Comment by pkphilip

1 day ago

In India, the pizza base has a different tax rate than the topping and so some restaurants will have two separate lines on your pizza bill - one for the base at 5% tax and another for the topping at 18% tax.

The tax on popcorn is also totally crazy. "Unpackaged and unlabelled popcorn with salt and spices is categorised as 'namkeen' and taxed at 5%. Pre-packed and labelled ready-to-eat popcorn attracts a 12% GST rate. Caramelized popcorn with added sugar is taxed at a higher rate of 18%."

All those make sense and are pretty common: bread is taxed lower than most pizza toppings.

Raw ingredients are taxed less than ready-to-eat or sugar-coated ultra-processed good. And I'm totally ok with that.

  • But a pizza as a whole is a ready-to-eat good. And a pizza isn’t a pizza without the crust.

    • What I think is happening is that the place is specifically charging different tax rates for each part of the pizza. That does seem odd but the alternative would be to tax the whole of the pizza at a higher tax rate than the one presented. Example, most countries might put a whole pizza at, say, 10% VAT, while here part of it is at, say, 4% and the rest at 10%. Ideally that's cheaper.
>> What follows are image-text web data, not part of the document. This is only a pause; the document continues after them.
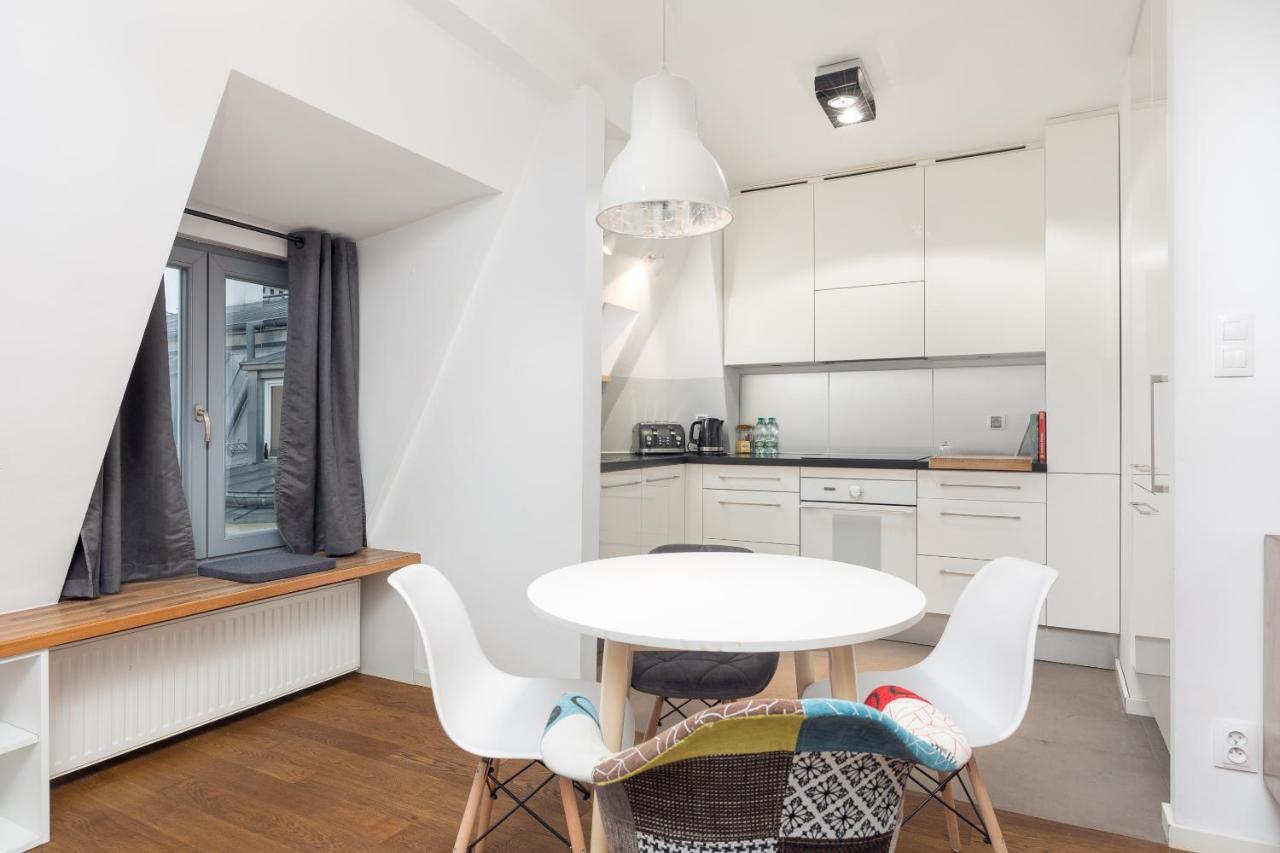 Nowy Swiat Extraordinary Apartment Warschau Exterior foto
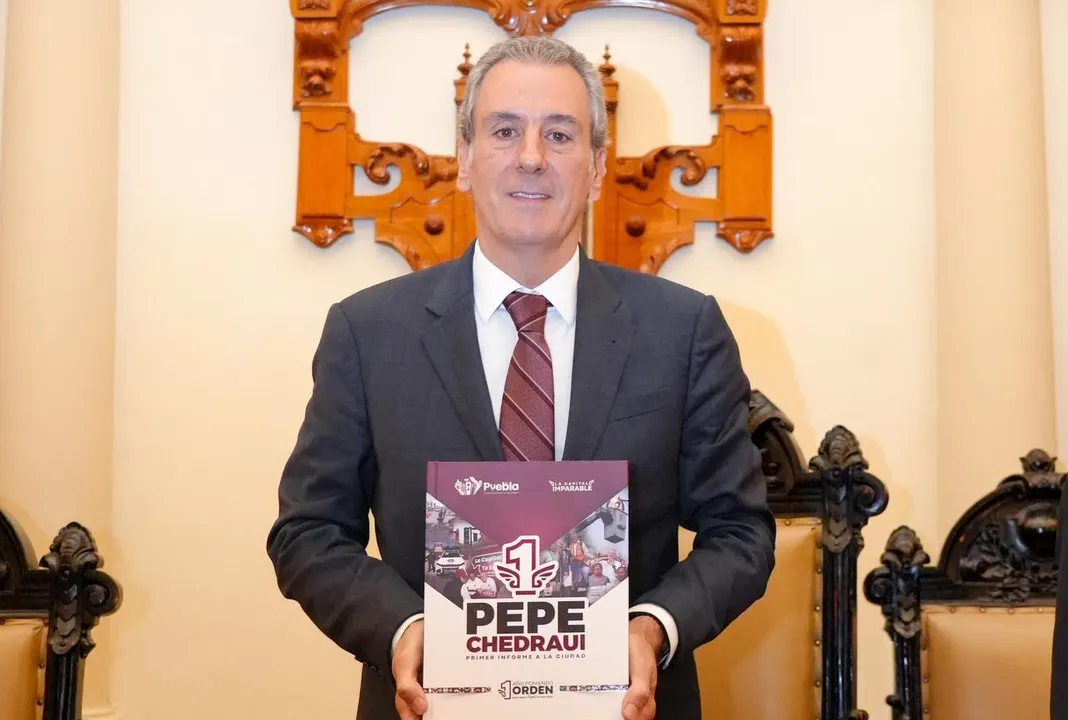 Pepe Chedraui rinde su primer informe de gobierno en Cabildo ; destaca avances en infraestructura y seguridad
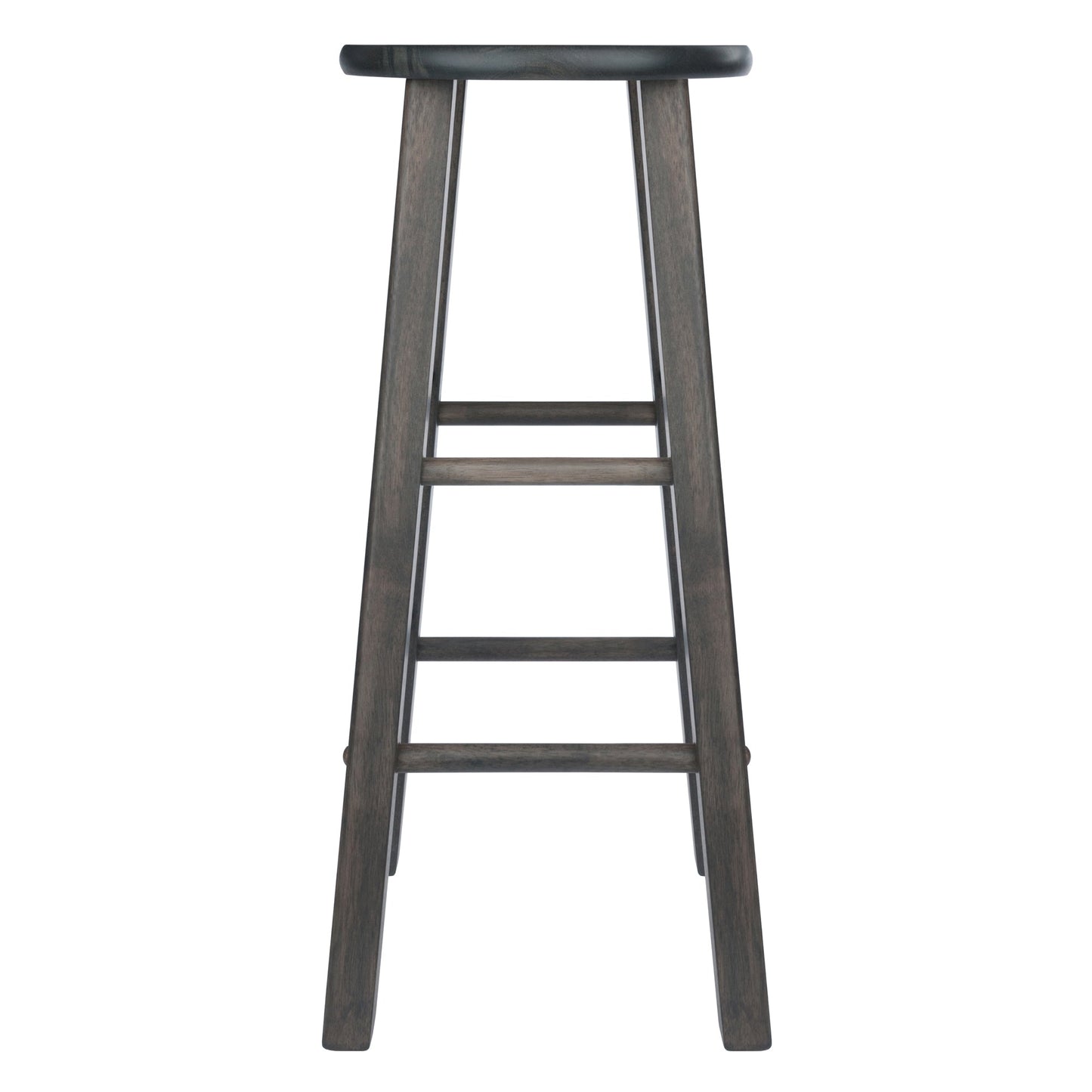 Element 2-Pc Bar Stool Set, Oyster Gray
The pizza thing seemed incredibly silly to me. Surely the restaurant has already paid the tax when they bought the raw ingredients? Must any product served in a restaurant be taxed according to the rate of the most highly taxed ingredient in it, regardless of proportion?

So I looked it up. And yes, that is exactly the case, and it's an absurd situation that is causing massive headaches.